══ Excerpted data

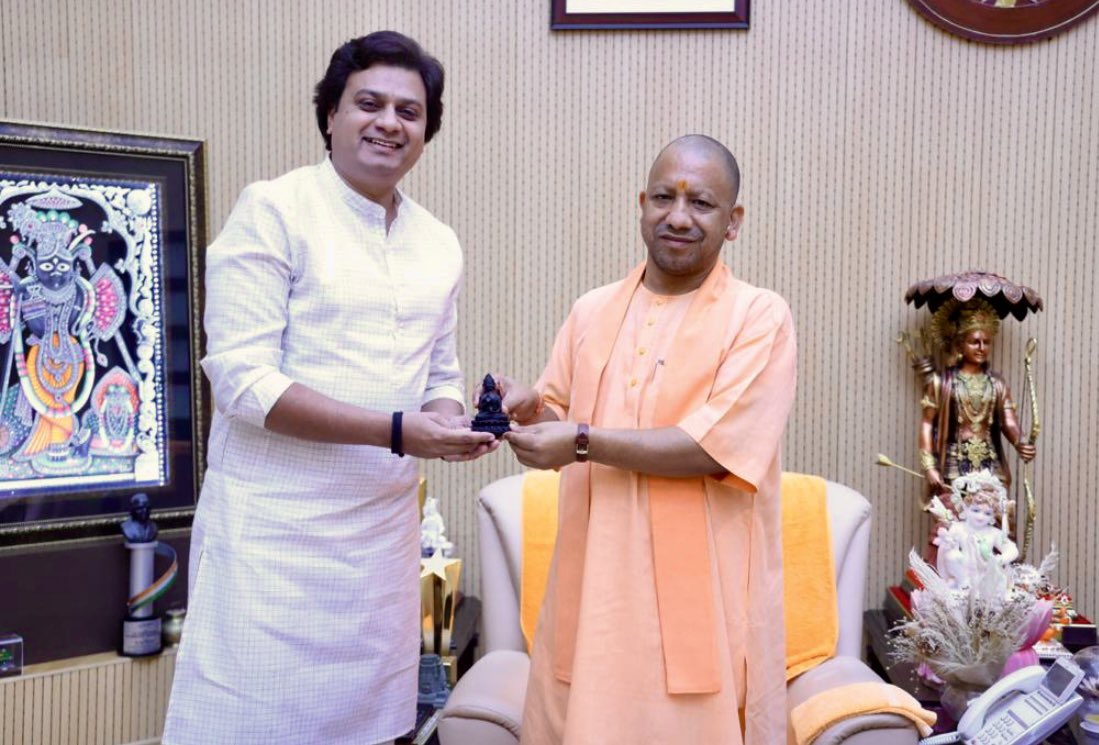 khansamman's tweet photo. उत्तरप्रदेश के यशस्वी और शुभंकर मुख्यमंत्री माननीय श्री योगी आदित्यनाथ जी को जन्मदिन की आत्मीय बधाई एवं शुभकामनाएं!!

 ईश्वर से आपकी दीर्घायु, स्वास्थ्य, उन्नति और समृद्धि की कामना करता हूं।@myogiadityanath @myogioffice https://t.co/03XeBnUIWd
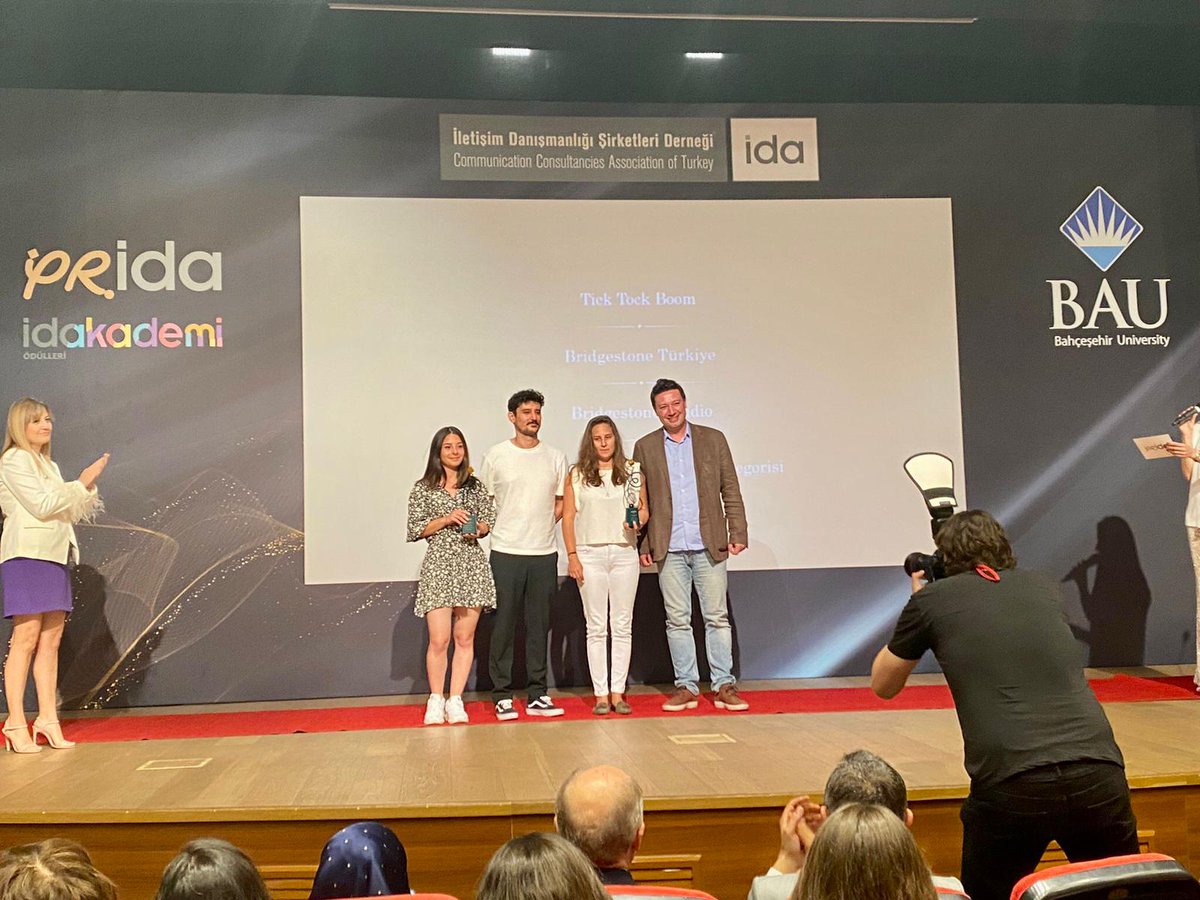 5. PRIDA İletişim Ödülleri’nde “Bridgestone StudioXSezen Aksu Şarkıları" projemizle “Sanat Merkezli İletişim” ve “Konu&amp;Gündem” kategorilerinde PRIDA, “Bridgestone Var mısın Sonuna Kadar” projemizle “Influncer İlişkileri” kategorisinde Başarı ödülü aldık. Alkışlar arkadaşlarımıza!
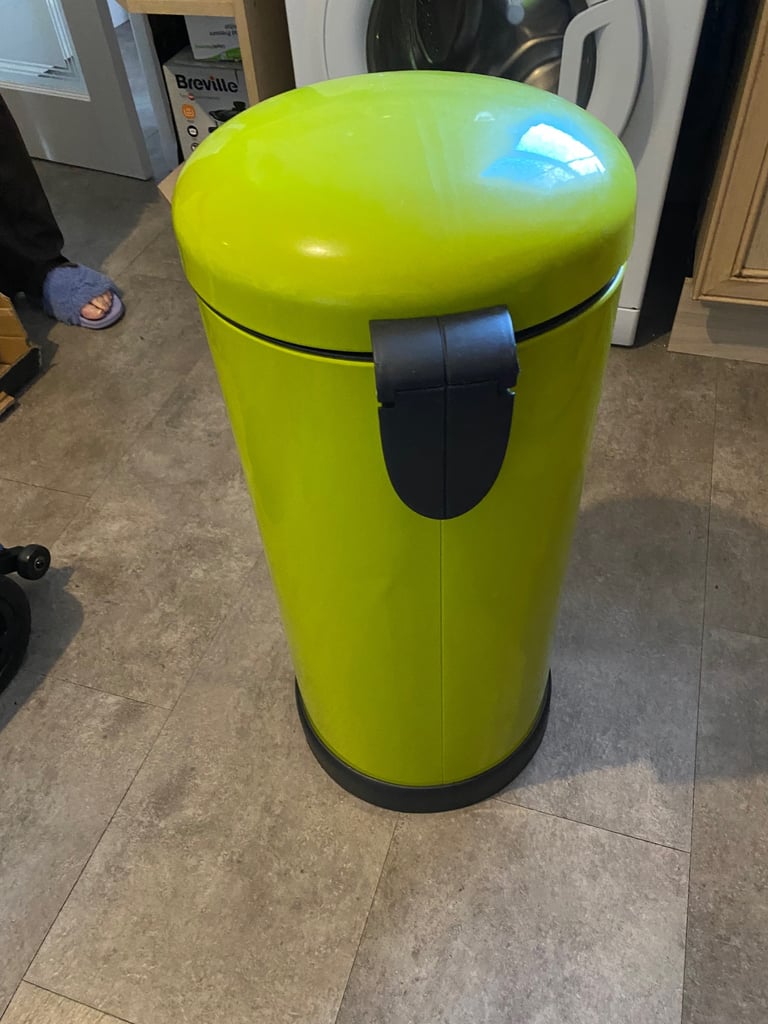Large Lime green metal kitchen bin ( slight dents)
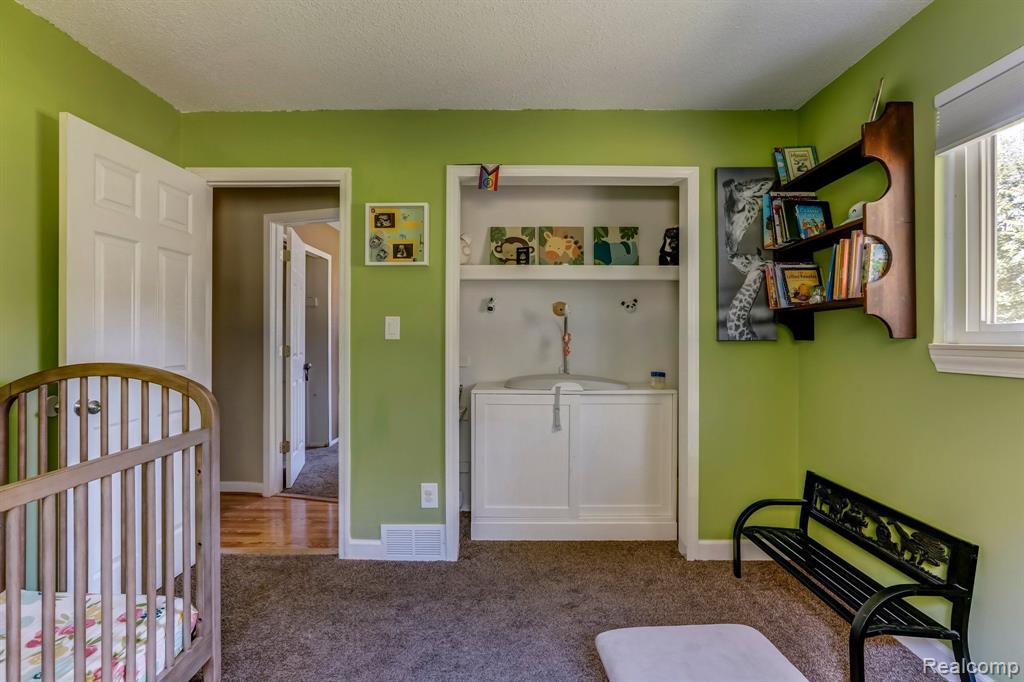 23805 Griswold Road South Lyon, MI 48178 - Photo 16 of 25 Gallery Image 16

════

To do :: The lines running from the one with "Large Lime green" to the close of the material above are to be retyped exactly; no picture is to be included.

Answer for this exercise ::
Large Lime green metal kitchen bin ( slight dents)
 23805 Griswold Road South Lyon, MI 48178 - Photo 16 of 25 Gallery Image 16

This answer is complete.